I live three blocks from the parade route and I can see from my back window -- I'm on the second story of a condo building -- that preparations for this evening's production are underway in earnest. The police are barricading streets to vehicular traffic, the people are walking them and the neighbors are barbecuing. Here in my gay-dominated complex, the atmosphere is quite festive, especially around the pool where bare chested 20-somethings are exhibiting the beautiful bodies bestowed upon them by Providence and the 24 Hour Fitness Club.

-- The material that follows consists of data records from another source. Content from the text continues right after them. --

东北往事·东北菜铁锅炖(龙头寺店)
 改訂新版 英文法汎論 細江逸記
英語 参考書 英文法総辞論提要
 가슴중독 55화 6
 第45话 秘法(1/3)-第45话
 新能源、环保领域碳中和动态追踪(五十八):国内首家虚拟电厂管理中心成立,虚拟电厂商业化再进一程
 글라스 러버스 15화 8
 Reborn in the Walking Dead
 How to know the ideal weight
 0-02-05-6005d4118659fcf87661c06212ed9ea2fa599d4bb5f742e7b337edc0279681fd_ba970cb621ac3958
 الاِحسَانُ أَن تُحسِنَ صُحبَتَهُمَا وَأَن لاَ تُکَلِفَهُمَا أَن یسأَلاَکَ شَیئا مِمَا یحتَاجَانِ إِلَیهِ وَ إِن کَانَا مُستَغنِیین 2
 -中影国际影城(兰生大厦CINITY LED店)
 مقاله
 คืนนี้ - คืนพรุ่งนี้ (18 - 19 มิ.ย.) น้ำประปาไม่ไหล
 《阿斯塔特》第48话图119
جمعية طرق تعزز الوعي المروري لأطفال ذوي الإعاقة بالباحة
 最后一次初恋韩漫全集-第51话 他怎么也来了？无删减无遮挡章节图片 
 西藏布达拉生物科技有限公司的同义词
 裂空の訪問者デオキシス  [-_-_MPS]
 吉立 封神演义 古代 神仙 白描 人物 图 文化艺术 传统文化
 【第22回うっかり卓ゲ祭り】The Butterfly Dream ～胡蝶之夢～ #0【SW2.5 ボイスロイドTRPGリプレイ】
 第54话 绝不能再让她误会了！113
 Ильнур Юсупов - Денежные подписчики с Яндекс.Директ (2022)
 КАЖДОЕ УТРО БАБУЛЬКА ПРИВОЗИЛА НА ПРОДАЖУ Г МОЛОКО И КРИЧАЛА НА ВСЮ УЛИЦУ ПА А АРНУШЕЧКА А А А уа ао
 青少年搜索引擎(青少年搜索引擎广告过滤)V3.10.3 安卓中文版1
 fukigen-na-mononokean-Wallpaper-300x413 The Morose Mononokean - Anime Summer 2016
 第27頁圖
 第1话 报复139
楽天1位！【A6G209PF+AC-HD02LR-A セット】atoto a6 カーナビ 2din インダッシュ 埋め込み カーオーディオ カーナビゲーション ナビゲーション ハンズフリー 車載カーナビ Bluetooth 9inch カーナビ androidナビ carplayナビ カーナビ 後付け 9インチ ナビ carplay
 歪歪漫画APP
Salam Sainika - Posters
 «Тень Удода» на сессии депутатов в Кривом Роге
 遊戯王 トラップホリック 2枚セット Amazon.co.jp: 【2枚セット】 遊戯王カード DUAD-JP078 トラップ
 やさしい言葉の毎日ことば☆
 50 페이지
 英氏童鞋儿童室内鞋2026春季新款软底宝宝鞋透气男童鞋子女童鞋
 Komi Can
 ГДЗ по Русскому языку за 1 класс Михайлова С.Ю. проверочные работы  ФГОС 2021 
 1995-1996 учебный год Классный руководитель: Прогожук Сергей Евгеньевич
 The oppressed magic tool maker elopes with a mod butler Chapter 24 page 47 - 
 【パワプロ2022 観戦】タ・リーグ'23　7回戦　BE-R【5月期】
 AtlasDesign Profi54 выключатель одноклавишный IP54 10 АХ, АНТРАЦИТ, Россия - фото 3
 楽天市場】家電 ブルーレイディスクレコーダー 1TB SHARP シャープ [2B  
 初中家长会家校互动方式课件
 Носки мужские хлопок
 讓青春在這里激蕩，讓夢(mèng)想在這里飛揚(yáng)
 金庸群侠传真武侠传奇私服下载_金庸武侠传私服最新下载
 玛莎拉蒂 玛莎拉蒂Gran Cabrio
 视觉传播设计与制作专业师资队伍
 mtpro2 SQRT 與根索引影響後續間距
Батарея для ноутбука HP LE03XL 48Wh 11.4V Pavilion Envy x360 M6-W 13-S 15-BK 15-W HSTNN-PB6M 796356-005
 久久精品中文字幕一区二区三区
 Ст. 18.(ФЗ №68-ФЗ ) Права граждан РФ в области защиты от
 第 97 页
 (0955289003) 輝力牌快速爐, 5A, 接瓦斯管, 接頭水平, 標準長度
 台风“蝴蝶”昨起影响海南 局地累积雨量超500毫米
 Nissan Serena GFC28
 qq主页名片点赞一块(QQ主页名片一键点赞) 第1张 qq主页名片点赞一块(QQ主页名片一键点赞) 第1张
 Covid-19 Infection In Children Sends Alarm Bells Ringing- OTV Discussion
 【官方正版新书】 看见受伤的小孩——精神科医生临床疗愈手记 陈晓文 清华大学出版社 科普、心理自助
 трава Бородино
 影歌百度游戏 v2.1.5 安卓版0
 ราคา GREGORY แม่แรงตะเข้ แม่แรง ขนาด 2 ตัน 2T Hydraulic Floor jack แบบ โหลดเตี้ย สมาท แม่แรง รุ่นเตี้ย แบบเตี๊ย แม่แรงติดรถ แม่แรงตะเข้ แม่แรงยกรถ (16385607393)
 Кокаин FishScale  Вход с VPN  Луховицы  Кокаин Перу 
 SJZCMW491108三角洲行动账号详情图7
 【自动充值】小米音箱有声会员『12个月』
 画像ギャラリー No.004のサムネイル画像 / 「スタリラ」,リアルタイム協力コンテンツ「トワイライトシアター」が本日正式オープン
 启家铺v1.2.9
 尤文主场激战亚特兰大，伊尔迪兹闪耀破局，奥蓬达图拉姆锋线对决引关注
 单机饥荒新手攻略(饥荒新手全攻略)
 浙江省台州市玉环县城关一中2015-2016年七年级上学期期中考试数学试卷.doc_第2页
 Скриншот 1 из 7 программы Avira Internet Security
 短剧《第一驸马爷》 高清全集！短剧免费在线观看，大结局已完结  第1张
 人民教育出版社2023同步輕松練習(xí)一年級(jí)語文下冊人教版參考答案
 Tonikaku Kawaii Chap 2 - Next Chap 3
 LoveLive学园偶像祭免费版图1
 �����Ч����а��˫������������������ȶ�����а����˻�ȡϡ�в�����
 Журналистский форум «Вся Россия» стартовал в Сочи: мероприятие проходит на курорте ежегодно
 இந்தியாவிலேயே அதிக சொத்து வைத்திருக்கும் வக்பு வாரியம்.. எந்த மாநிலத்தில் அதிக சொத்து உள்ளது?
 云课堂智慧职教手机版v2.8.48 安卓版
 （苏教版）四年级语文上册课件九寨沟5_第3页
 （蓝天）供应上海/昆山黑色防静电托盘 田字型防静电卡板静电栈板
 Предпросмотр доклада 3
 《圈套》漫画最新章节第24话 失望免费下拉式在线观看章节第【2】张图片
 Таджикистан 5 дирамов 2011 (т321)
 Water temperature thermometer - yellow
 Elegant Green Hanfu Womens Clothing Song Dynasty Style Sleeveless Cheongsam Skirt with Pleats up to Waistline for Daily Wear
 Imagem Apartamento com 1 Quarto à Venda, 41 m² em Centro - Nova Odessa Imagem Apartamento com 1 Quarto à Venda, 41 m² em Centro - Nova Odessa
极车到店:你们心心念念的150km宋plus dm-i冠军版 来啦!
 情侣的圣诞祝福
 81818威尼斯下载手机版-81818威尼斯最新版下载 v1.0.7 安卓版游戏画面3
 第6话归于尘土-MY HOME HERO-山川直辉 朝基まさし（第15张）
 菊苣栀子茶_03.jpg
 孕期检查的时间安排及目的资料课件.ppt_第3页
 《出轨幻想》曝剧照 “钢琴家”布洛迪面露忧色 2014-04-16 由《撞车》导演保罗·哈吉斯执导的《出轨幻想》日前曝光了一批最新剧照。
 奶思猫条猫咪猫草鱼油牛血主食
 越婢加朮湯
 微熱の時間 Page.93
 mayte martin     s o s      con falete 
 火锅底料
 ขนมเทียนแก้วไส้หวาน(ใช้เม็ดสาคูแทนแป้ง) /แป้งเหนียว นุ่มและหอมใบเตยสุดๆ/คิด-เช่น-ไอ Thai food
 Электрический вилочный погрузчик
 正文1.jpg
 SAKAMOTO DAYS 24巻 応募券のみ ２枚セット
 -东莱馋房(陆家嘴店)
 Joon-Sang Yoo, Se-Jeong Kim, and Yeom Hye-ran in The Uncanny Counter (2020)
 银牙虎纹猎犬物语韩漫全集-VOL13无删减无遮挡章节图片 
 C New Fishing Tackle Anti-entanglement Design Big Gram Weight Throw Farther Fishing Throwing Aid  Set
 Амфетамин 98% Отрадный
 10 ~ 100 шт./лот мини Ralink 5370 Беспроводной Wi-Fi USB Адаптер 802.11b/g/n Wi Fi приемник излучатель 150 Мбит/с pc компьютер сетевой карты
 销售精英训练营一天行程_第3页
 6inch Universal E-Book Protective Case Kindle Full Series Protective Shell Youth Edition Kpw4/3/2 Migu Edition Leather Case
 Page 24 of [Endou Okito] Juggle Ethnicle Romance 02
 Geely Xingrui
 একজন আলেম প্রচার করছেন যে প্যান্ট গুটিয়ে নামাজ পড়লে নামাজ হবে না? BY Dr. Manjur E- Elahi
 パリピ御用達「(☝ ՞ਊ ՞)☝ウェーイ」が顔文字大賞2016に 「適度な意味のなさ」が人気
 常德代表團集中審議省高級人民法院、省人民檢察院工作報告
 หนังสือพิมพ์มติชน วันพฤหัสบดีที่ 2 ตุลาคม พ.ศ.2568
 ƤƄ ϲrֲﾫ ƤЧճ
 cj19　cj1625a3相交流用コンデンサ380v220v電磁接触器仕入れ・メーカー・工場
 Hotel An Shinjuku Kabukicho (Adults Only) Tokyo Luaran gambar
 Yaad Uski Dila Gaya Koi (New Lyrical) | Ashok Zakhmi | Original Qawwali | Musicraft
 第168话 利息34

The air is filled with smoke from the pit, the sounds of high energy music and the shrieks of children running and playing. The place is alive.
Tomorrow, pictures.
Relatedly, the Houston Chronicle reports today on the battle plan of opponents to a state constitutional amendment to ban same-sex marriage, which Texans will vote on in November. The goal is not to defeat the measure statewide -- there's no chance of that -- but rather to defeat it in Houston and hold the statewide "yes" total to under 70%. That strikes me as realistic -- and smart. For as even the amendment's sponsor, Rep. Warren Chisum, concedes, "I won't think we've done a good job unless we win by a large margin, anything over 70 percent."
Very well then. I look forward to your disappointment, sir.